- Born: January 2, 1927 Hyōgo-ku, Kobe
- Died: November 13, 2003 (aged 76)

Academic background
- Influences: Karl Marx, John Maynard Keynes, Piero Sraffa

Academic work
- Discipline: Political economy
- School or tradition: Marxian economics
- Notable ideas: Okishio's Theorem

= Nobuo Okishio =

Japanese Marxian economist (1927–2003)

Nobuo Okishio (置塩 信雄) was a Japanese Marxian economist and emeritus professor of Kobe University. In 1979, he was elected President of the Japan Association of Economics and Econometrics, which is now called Japanese Economic Association.

Okishio studied mathematical economics under Kazuo Mizutani. In 1950 he graduated from Kobe University and later taught there. He soon began to doubt the premises and results of modern economics, and decided to search for alternatives by studying Marxian economics.

Okishio worked to clarify the logic of Karl Marx’s economic system, offering formal and mathematical proofs for many Marxian theorems. For example, in 1955, he gave the world's first proof of the “Marxian fundamental theorem”, as it was later named by Michio Morishima, which is the theory that the exploitation of surplus labor is the necessary condition for the existence of positive profit. Concerning Marx’s Falling Rate of Profit, Okishio considered that his famous theorem would not deny it.

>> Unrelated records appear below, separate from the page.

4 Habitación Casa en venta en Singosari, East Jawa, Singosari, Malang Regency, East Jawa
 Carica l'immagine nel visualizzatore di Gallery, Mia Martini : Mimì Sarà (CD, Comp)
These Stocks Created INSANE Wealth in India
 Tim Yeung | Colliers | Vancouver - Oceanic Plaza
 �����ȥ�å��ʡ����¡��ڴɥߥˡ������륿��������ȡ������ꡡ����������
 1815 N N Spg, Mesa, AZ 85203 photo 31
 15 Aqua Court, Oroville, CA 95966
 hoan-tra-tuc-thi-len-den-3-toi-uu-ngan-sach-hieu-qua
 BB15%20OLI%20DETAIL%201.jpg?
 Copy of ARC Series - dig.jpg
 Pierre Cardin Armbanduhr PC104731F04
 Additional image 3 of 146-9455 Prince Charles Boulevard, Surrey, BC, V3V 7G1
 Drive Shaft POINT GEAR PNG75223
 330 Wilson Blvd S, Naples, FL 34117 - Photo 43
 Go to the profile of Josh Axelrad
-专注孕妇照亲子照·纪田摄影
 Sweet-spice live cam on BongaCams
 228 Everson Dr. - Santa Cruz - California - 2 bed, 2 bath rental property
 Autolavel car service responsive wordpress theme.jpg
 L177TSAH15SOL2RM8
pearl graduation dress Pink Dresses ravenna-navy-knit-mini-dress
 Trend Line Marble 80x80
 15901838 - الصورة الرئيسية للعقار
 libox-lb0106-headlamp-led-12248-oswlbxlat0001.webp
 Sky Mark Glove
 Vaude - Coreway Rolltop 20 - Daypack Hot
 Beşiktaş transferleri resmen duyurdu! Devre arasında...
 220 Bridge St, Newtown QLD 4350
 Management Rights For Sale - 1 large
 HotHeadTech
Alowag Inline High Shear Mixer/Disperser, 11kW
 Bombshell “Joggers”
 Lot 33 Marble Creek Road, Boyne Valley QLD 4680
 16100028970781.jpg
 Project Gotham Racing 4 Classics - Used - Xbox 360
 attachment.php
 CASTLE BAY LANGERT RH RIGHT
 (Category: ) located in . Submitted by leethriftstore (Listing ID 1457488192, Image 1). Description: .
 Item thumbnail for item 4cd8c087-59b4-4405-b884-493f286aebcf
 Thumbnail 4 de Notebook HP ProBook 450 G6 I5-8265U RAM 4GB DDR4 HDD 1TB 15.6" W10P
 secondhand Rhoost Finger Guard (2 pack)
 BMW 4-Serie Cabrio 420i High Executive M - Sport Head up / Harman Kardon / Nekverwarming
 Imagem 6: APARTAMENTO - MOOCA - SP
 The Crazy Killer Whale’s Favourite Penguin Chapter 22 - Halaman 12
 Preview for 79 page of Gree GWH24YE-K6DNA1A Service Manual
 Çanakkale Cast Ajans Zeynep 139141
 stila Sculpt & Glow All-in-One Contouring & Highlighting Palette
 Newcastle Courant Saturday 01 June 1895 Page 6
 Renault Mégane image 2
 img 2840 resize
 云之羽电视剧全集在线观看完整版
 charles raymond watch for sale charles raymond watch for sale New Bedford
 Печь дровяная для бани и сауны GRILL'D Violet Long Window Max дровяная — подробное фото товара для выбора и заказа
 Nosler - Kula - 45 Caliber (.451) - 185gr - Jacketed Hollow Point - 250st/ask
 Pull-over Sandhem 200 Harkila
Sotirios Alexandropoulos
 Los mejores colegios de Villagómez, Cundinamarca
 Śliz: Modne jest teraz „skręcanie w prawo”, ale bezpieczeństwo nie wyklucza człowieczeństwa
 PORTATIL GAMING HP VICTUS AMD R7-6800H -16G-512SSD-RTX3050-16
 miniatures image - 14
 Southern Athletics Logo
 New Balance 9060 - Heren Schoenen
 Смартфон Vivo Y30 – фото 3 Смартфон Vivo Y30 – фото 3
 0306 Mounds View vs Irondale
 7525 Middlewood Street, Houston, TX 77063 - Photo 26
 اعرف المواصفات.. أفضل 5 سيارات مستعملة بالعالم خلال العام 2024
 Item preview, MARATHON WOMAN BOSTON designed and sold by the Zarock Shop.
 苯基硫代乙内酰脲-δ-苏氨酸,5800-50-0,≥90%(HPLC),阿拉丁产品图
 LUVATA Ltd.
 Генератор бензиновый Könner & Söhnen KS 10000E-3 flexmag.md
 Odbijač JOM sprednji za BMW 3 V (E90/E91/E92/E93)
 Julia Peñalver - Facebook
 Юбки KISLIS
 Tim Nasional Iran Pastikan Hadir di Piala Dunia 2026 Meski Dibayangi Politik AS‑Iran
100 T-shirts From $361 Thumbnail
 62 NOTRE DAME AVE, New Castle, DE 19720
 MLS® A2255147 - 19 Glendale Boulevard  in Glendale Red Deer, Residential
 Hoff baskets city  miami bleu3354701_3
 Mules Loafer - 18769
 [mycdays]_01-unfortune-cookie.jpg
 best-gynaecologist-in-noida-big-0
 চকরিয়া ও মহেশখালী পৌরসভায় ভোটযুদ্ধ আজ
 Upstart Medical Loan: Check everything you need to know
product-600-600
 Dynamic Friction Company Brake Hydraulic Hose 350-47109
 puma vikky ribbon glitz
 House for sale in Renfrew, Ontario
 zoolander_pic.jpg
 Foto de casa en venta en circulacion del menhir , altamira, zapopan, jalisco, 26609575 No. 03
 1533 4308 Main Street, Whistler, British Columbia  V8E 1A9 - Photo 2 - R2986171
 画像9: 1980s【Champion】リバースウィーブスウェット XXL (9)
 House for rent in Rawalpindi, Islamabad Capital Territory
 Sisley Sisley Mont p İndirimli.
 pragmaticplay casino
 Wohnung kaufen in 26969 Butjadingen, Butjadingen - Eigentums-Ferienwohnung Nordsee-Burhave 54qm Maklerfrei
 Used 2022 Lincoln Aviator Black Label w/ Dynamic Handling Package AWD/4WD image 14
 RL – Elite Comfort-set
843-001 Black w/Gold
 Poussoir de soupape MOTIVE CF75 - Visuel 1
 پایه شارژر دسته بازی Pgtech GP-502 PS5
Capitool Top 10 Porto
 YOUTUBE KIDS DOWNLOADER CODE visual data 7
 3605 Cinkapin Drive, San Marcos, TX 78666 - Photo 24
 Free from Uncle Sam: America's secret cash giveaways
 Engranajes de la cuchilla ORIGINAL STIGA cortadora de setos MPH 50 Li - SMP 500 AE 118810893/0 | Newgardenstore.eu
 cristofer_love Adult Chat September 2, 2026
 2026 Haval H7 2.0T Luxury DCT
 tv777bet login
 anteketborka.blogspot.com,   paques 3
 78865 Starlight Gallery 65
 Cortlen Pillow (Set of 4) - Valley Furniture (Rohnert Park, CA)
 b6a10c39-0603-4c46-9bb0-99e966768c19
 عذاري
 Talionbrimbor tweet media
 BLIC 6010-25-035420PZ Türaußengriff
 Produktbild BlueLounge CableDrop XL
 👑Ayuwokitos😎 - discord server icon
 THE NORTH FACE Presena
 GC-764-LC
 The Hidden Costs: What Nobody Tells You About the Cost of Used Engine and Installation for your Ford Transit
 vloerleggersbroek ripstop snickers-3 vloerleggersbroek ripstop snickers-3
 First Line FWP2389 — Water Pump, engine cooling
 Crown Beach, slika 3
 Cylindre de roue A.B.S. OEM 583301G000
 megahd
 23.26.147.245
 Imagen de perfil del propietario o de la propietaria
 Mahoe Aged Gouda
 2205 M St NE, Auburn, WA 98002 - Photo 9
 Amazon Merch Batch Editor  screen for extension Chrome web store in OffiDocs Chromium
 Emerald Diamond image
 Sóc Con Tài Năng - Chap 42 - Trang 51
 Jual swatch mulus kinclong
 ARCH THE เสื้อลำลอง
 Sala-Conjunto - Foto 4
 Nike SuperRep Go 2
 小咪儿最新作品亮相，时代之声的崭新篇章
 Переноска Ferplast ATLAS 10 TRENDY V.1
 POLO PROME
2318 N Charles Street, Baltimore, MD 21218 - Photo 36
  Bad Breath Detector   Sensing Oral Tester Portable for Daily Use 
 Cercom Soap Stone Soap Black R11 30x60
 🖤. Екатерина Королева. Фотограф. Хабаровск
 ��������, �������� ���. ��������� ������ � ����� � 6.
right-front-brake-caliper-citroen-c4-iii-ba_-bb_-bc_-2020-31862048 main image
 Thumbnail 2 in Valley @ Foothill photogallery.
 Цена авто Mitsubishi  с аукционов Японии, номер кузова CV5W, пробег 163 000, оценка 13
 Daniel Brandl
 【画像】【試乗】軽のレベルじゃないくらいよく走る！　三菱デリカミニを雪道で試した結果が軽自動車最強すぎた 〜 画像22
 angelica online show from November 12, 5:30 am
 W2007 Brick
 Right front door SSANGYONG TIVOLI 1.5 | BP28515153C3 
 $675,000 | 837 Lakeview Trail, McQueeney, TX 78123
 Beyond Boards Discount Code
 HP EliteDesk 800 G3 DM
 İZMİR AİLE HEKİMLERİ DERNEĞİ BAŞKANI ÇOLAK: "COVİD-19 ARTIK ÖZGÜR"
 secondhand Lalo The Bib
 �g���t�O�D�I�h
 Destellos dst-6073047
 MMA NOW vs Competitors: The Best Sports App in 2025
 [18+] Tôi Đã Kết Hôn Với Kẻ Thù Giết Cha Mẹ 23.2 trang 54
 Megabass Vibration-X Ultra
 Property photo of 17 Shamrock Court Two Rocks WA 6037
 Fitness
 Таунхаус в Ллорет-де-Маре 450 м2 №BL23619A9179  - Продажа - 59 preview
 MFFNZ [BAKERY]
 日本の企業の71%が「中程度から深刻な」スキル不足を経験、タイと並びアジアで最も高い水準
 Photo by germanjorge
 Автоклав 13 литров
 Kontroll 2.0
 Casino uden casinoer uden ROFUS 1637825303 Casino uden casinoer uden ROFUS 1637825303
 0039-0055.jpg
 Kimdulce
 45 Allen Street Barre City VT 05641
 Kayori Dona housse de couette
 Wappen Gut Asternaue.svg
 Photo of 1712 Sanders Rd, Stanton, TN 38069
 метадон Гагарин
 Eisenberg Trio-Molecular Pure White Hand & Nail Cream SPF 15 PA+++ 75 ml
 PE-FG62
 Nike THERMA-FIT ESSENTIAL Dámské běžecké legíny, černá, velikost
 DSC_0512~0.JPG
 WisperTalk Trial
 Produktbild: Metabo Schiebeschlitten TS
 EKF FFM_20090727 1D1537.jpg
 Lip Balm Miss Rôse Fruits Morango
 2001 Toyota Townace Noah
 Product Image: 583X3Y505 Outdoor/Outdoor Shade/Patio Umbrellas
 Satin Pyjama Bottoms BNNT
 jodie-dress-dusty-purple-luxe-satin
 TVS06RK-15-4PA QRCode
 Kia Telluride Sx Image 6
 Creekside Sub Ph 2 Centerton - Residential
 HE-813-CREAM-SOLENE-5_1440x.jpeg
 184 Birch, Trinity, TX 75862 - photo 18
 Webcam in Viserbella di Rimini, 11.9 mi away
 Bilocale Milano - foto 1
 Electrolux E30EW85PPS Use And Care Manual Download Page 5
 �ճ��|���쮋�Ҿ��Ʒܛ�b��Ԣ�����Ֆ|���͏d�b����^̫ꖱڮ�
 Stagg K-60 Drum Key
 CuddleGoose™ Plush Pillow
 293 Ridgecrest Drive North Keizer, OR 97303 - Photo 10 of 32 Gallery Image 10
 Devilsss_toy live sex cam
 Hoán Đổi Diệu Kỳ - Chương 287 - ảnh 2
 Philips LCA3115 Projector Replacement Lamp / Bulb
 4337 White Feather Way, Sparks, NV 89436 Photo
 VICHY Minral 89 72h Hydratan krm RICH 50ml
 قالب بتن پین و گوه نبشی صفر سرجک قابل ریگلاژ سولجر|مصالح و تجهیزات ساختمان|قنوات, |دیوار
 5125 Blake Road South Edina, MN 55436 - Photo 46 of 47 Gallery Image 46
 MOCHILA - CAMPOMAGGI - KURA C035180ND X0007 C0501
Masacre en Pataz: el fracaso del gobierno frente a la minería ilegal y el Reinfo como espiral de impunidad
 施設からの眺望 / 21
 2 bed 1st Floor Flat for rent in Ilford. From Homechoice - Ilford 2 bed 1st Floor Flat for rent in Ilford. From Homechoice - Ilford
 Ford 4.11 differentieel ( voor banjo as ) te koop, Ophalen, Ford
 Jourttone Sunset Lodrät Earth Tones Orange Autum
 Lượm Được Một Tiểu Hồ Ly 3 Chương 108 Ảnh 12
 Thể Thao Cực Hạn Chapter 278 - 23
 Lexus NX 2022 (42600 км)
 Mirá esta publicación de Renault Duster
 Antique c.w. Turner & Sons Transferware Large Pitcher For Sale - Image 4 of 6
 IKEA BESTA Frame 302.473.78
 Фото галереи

Okishio wrote many papers covering various important fields in modern and Marxian economics, for example value and price, accumulation theory, critical analysis of Keynesian economics, trade cycle theory and on the long run tendency of capitalistic economy. They were published in over twenty books and two hundred papers, almost all in Japanese. About thirty of his published papers have been translated in English, and much of these materials are collected in the book (Nobuo Okishio, Michael Kruger and Peter Flaschel, 1993).

==Value and exploitation theory==

===Formulation of labor embodied value===
Okishio showed how Marxian value is determined quantitatively. The value equation presented by Okishio determines the amount of labor directly and indirectly needed to produce one unit of a commodity as follows:

$t_i = \sum_j a_{ij}+\tau_i,\quad i = 1,\ldots, n$

where $a_{ij}$ is the amount of $j$-th goods and $\tau_i$ is the direct labor input needed to produce one unit of $i$-th goods. He first got this idea when he was writing “On Exchange Theory” in 1954 in Japanese, and in 1955 published a revised version in English as “Monopoly and the Rates of Profits” in Kobe University Economic Review.

===Fundamental Marxian theorem===
Using this equation, Okishio proved Marx's fundamental proposition that the exploitation of surplus labor is the necessary condition for the existence of positive profit, later called the Fundamental Marxian Theorem by Michio Morishima. This proof is notable in that it does not rely on Marx's theory of value. Instead, the existence of surplus value can be deduced as a logical consequence of the existence of profit expressed in terms of price. This is the opposite of the approach taken by Marx, who started with a theory of value and used it to explain price and profit. After its publication, Okishio's proof persuaded many non-Marxian economists of the validity of Marx's theory of exploitation.

===Measurement===
The value equation given above can be used to make quantitative measurements using input–output tables, a technique developed after World War II. Okishio first performed these measurements in 1958, using data from the Japanese economy. Subsequent analyses have been performed on other countries as well. Measurements from 1955 to 1985 in the Japanese economy show that values and prices appear to have low correlation across short time scales, but are very highly correlated across longer time scales. Thus, Okishio argues that prices tend to gravitate toward values in the long run.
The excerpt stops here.